Chapter Eighty-Seven: Sunlight and Shadows

● A Morning Without a Shadow

The first thing I noticed was the silence.

It wasn't the usual quiet of the mansion—that deep, watchful hush punctuated by footsteps and murmured communications. This was different. Lighter. The kind of silence that let me breathe without feeling like someone was counting each inhale.

For three glorious days, I'd moved through my morning rituals without the familiar, sardonic presence two steps behind me. No dry commentary on my caffeine intake. No statistical analysis of my "evasion attempts." No grey eyes tracking my every move with that particular blend of detachment and amusement that made me want to throw things at his perfectly stoic face.

Standing before the bedroom mirror on the fourth morning, adjusting the sleeve of my soft lavender sweater, I couldn't help the relieved sigh that escaped me.

"He's not here today either," I mused aloud, a small, genuine smile touching my lips. "It's… peaceful."

Taehyun leaned against the doorframe, already dressed in a crisp black shirt with the sleeves rolled to his elbows, his arms folded across his chest. His dark hair was still slightly damp from his shower, and the fading bruise beneath his ribs—the one he'd taken for me—was hidden but not forgotten. His eyes watched me in the reflection, a knowing glint in their depths.

"Who isn't?"

"Victor," I said, turning to face him. "Your robotic, overbearing, statistics-quoting shadow. The human spreadsheet who once gave me a seven-minute presentation on why my preferred brand of cereal was 'nutritionally suboptimal.'" I studied his expression, which remained carefully neutral, though the corner of his mouth twitched. "Did you finally fire him? For being insufferable?"

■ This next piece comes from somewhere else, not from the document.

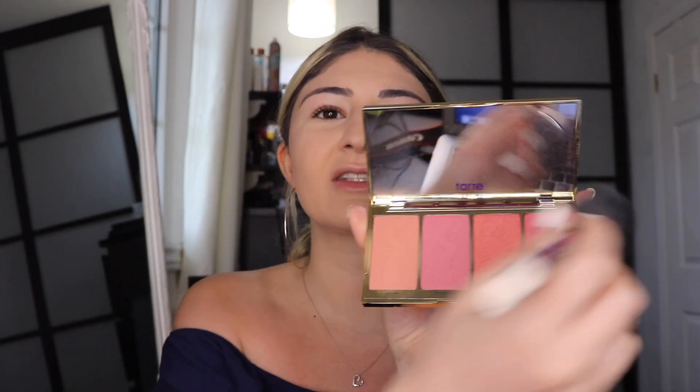I'm using the Tarte Blush Bliss palette — bit of a tongue twister! I like to tap into all of them and mix my blushes to make myself look rosy. I blend it out because it looks a bit clownish at first. I go heavy on my blush — blush is life — but it's personal preference on how much you want to use. You can see how intense one side is versus the more subtle side — I prefer the more intense look.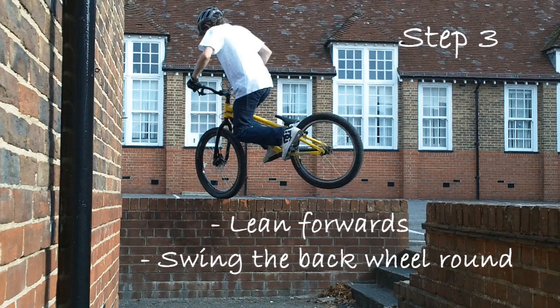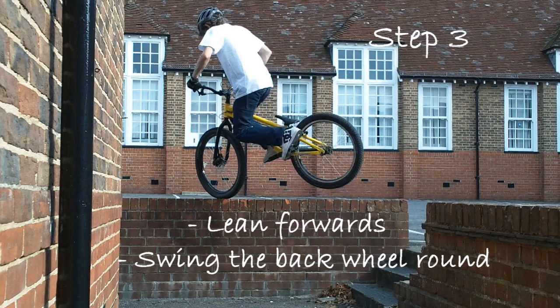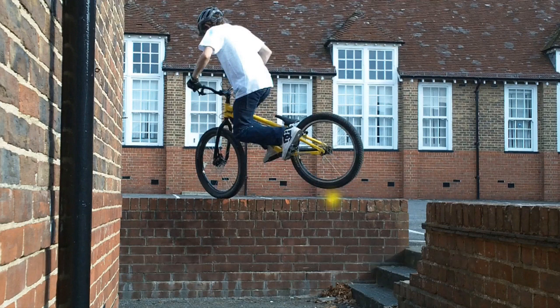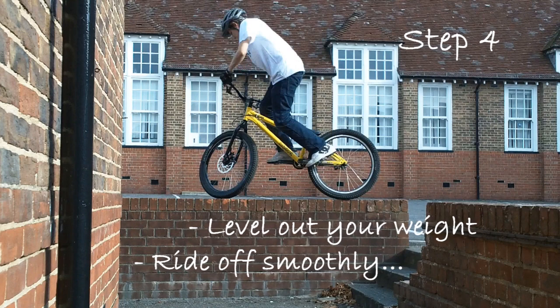At this stage, keep your weight over the front of the bike and swing the back wheel round to land on the object. Centralise your weight on the bike and ride off smoothly.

A low, rich chuckle rumbled from his chest. He pushed off the doorframe and closed the distance between us, his fingers coming up to brush a stray strand of hair behind my ear. The touch was featherlight, but it sent warmth cascading down my neck.

"Fire Victor? Angel, I'd have better luck firing a bullet at a tank." His thumb traced the shell of my ear, lingering. "No. I sent him on a business trip. Overseas. He'll be back in two weeks."

My brief flare of hope sputtered and died dramatically. "Two weeks? Ugh." I slumped against him, my forehead finding the solid warmth of his chest. "And then it's back to having a human spreadsheet critique my life choices and follow me to the bathroom."

His arms came around me automatically, one hand settling at the small of my back, the other threading into my hair. "I could always assign someone else."

"Who? Junho would try to make it a game. Minho would just stand there judging my existence. Jinwoo would narrate everything like a nature documentary." I pulled back just enough to look up at him. "At least Victor's silence is efficient."

Taehyun's smirk widened. "Miss him already?"

"I miss the freedom to chew a straw without a lecture on tensile strength and bacterial transmission," I grumbled, but the corner of my mouth betrayed me. The truth was, in his own icy, exasperating way, Victor had become a strangely predictable part of my chaotic world. His absence felt… oddly empty. Like a book missing a chapter I'd complained about but still read.

My husband's hands tightened on my waist, pulling me gently against him. The warmth of his body seeped through the thin fabric of my sweater, a steady, grounding presence. "I'll protect you until he returns."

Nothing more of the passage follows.